Crawled caption data:
Segment Open

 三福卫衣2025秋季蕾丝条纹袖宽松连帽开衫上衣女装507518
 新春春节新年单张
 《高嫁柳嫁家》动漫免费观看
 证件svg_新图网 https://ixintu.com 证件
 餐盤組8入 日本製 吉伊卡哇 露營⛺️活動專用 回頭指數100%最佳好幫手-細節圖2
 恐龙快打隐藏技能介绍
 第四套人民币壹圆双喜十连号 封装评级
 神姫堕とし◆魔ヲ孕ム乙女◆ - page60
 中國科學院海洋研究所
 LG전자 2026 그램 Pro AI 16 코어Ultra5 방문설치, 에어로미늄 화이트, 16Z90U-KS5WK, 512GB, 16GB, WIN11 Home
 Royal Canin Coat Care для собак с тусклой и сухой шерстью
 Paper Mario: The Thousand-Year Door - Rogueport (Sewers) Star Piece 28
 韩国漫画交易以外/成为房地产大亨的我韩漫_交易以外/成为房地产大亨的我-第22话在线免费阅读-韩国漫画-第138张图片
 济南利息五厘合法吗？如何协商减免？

Segment Closed

Among the entries above, the lines between the ones containing "证件svg_新图网 https://ixintu.com 证件" and "LG전자 2026 그램", inclusive, are to be transcribed exactly. No other line is to be given.

• Response
 证件svg_新图网 https://ixintu.com 证件
 餐盤組8入 日本製 吉伊卡哇 露營⛺️活動專用 回頭指數100%最佳好幫手-細節圖2
 恐龙快打隐藏技能介绍
 第四套人民币壹圆双喜十连号 封装评级
 神姫堕とし◆魔ヲ孕ム乙女◆ - page60
 中國科學院海洋研究所
 LG전자 2026 그램 Pro AI 16 코어Ultra5 방문설치, 에어로미늄 화이트, 16Z90U-KS5WK, 512GB, 16GB, WIN11 Home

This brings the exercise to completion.